We speak of web 2.0 and TV 2.0, so let's talk about the CableCARD 2.0. This Sunday, after a number of delays, the FCC law first discussed in 1998, sand designed to separate control of the content from the cable box, is scheduled to go into effect. Between now and July 1, cable companies will be trying for another extension. It will enable us to win back our TV sets and not rely on the set-top box as the only means to access scrambled digital programming.
I currently have a TIVO device connected directly to cable, but with access to only unscrambled channels from basic cable. I also have a DVR on another TV set. I see how each functions. Its like the difference between a Porsche and a VW. That's how much I prefer TIVO.
Still, the current CableCARD, barely being utilized today, is a one-way device, allowing access to all digital channels, but not to cable's VOD and PPV options, as well as the interactive guide, and other technology. So the next version, CableCARD 2.0 should be that interactive iteration.

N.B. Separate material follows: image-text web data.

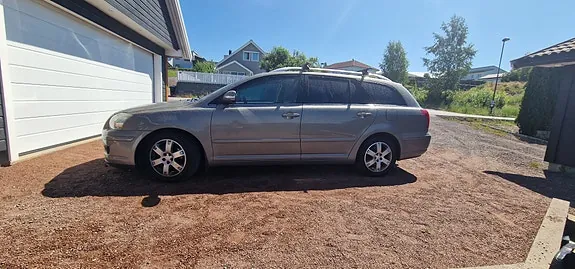 Toyota Avensis 2006 photo 4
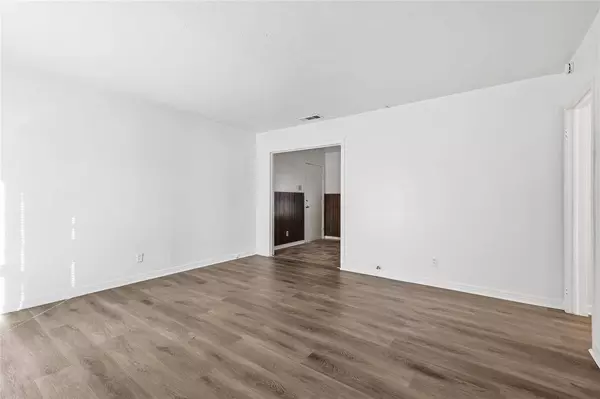 613 W Hammond Street, Lancaster, TX 75146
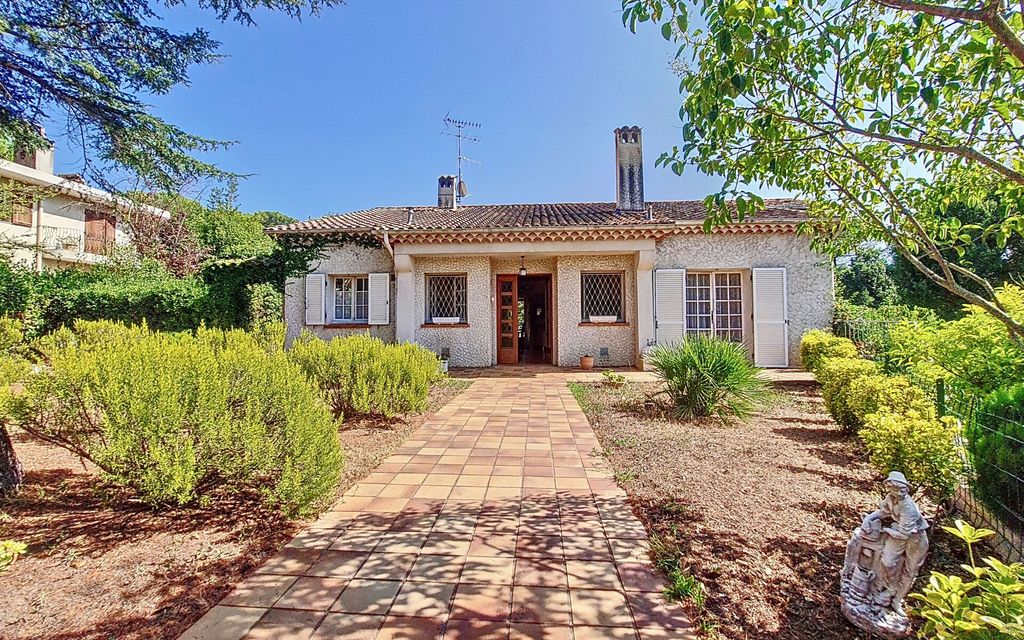 Achat maison à vendre 4 chambres 161 m² - Mougins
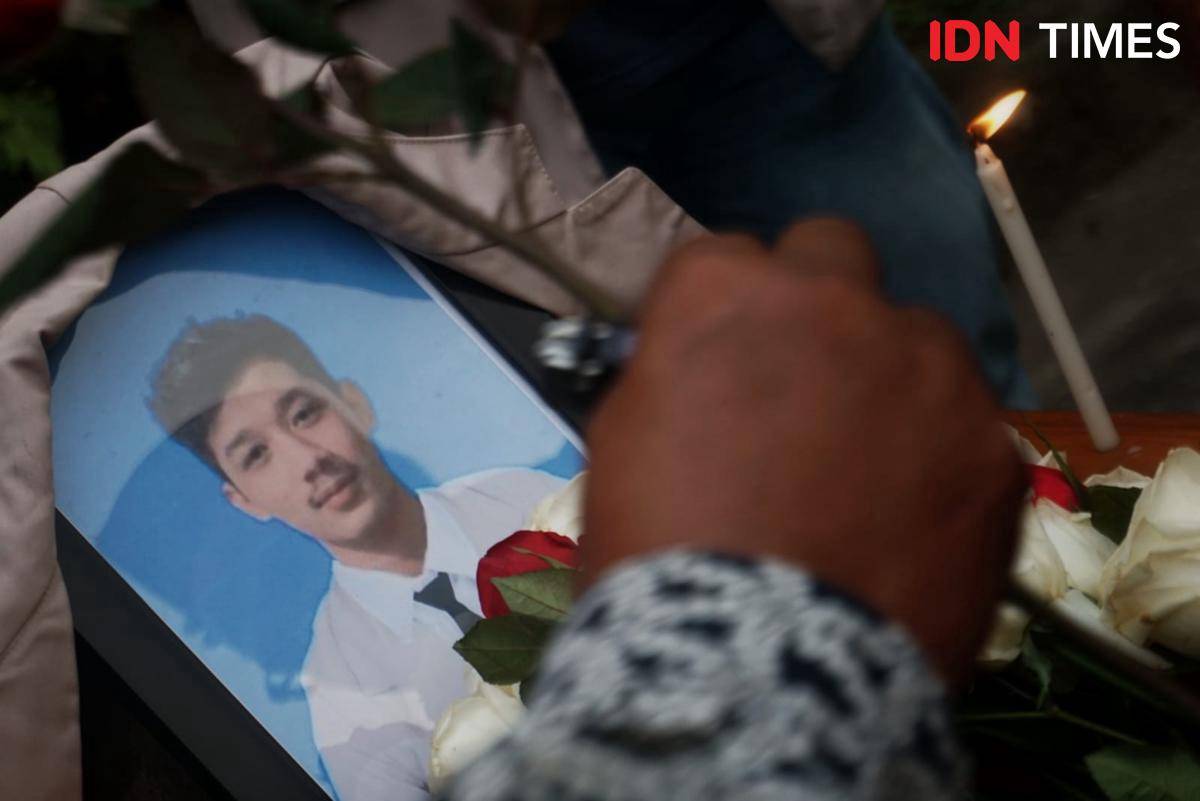 Doa bersama untuk almarhum Rheza Sendy Pratama di Amikom Yogyakarta.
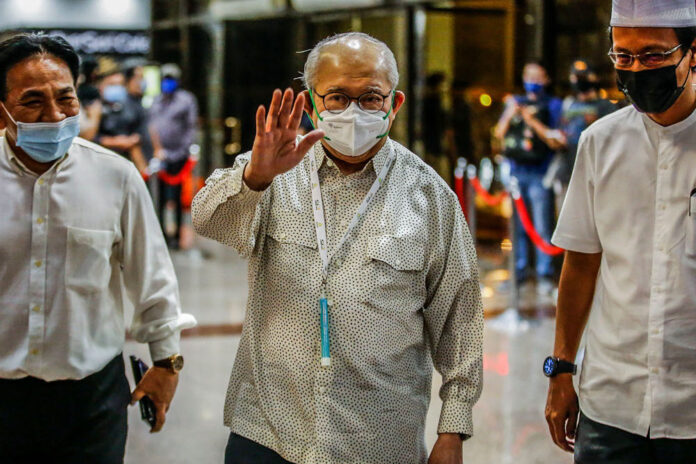 Umno supreme council meeting ends without word of PM candidate
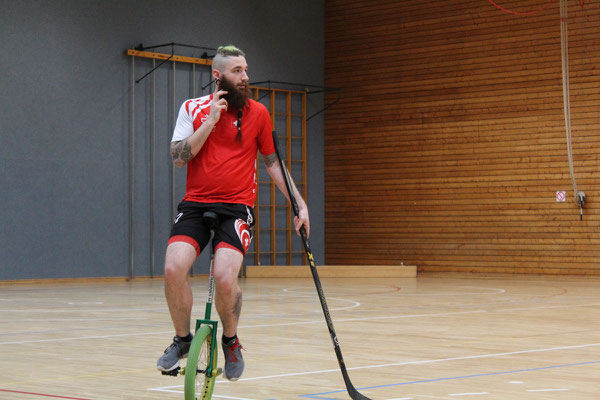 Einradhockey Schweizer Nationallmanschaft am Turnier in Möhrfelden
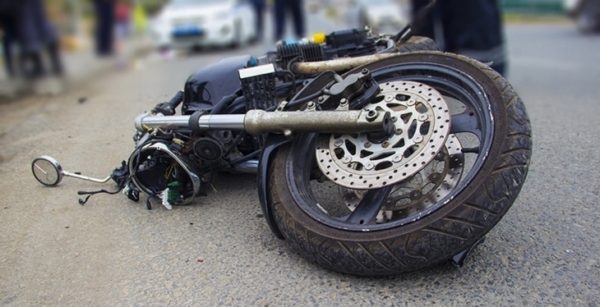 На Берегівщині під час обгону на трасі перекинувся нетверезий мотоцикліст без посвідчення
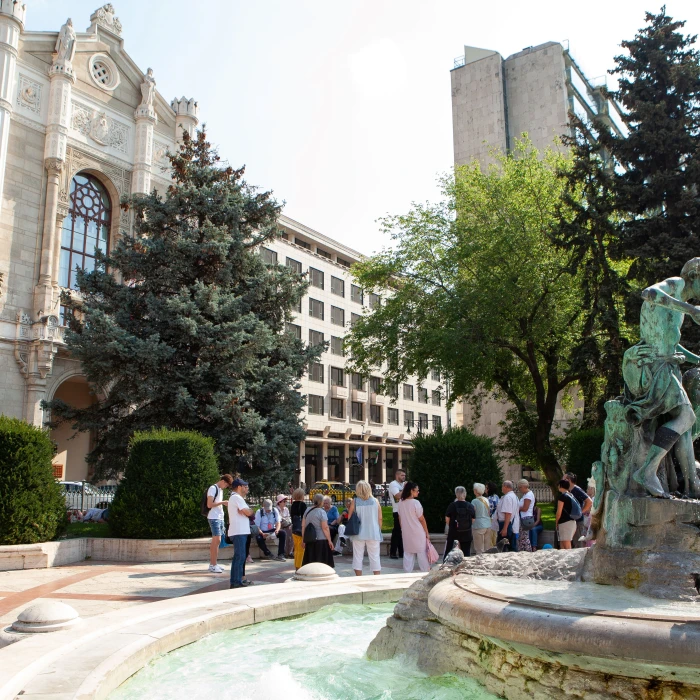 Fashion Street – Deák Ferenc utca - KÖN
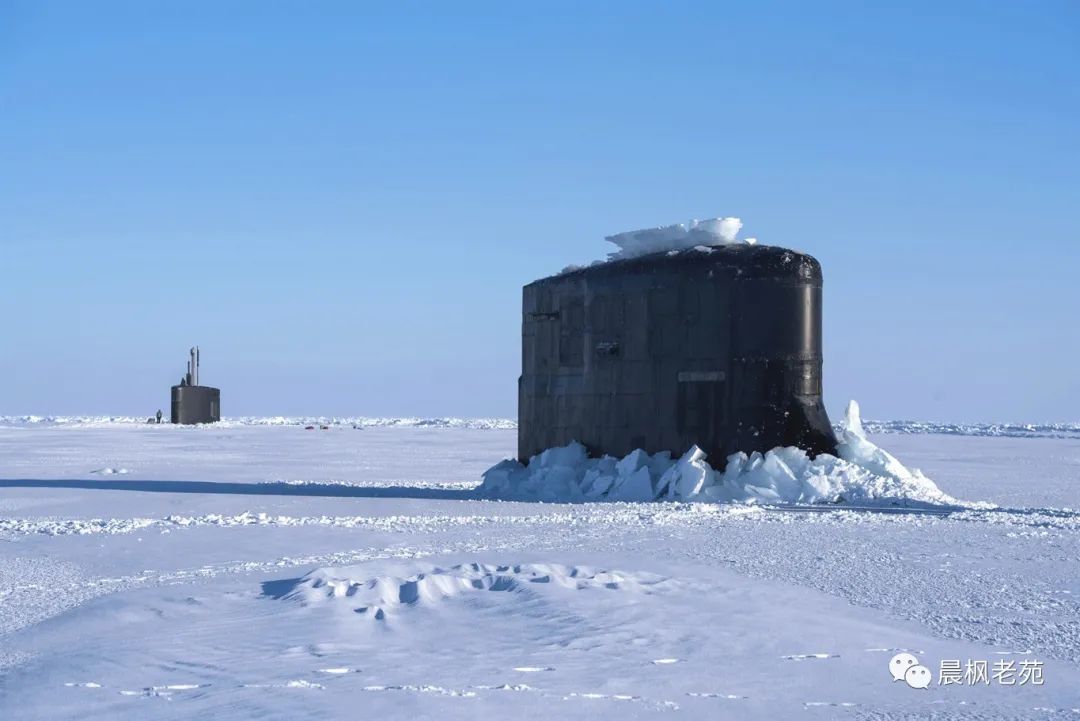 苍龙级潜艇指挥塔高度,潜艇指挥塔内部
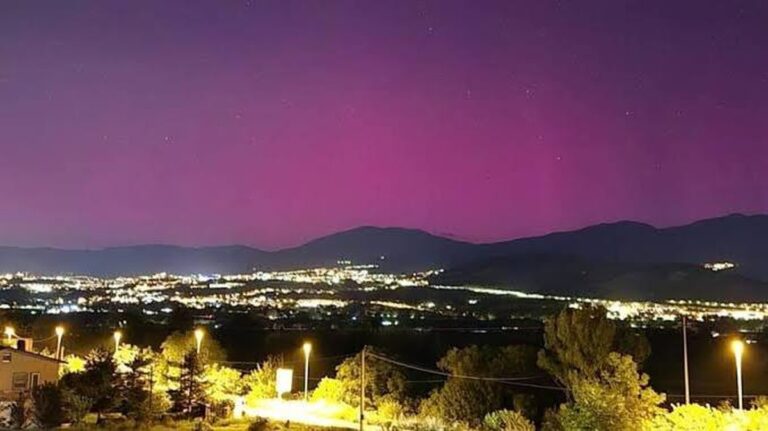 NEZAPOMENUTELNÁ PODÍVÁNÍ! Aurora borealis osvětluje Gran Sasso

But is it too late to the game; perhaps, because of the OCAP standard being embraced by companies like Intel, we can move away from a physical card and let the software in the chips intelligently determine access and openness to this array of programming and technological innovation.
I say figure it out. The integration of Web 2.0 and TV 2.0 is the future; today's set-top box is not. Access, convergence, and interaction are what we want with the devices of our choosing; July 1 has arrived, let's get started.